-- RECORDS SUPPLIED follows --

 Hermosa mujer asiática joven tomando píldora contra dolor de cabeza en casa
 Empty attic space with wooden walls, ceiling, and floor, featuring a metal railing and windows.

-- RECORDS SUPPLIED concluded --
-- RECORDS SUPPLIED follows --

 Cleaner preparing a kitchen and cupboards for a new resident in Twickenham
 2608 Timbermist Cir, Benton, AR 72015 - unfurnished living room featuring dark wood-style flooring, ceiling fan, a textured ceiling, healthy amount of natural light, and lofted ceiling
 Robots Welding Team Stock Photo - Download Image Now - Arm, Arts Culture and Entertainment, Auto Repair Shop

-- RECORDS SUPPLIED concluded --
-- RECORDS SUPPLIED follows --

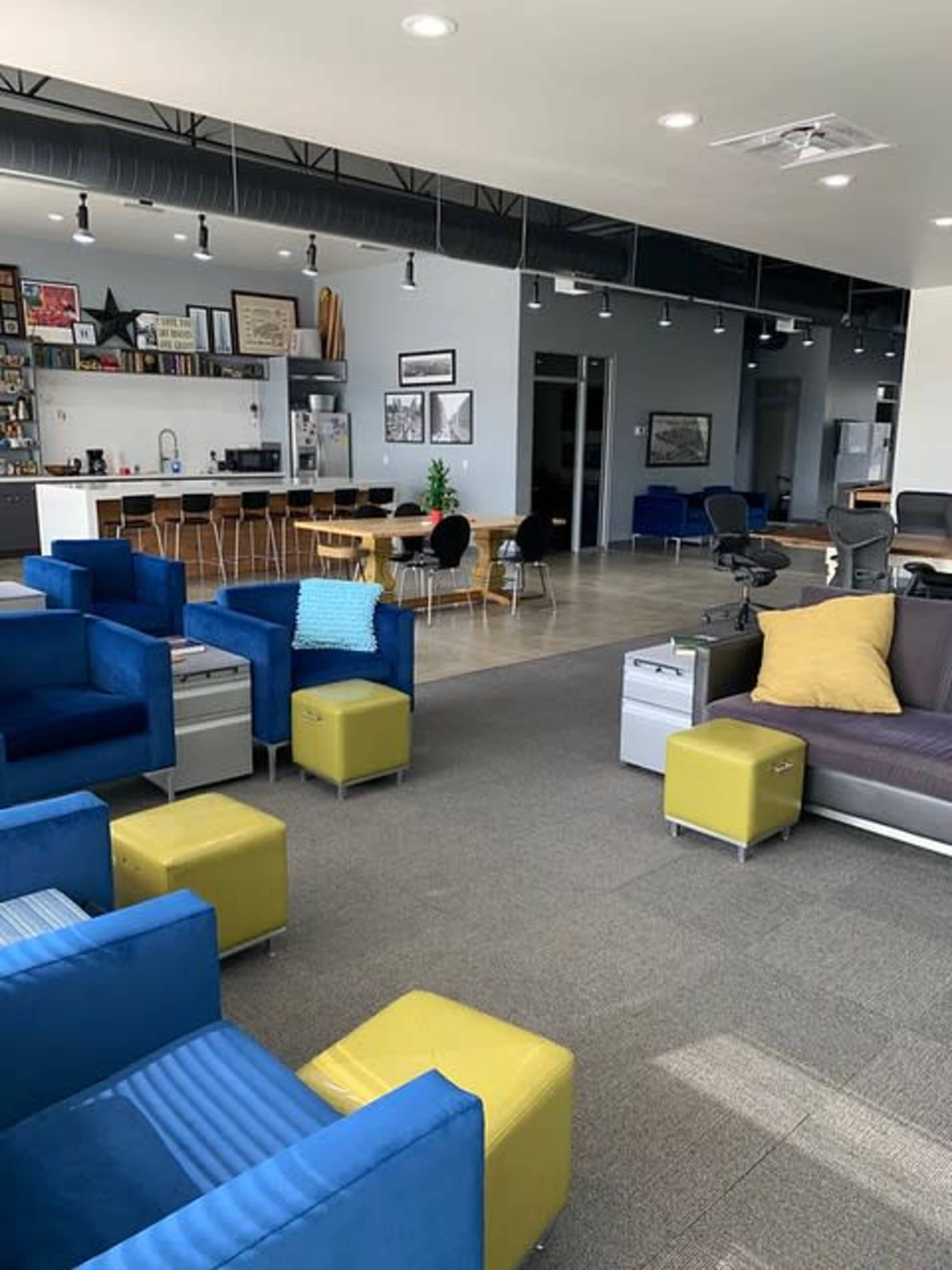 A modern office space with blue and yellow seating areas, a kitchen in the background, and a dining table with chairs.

-- RECORDS SUPPLIED concluded --

[ACTIVITY] Only the number is needed. Say how many lines of the entries contain "ceiling".

[FINISHED EXERCISE] 2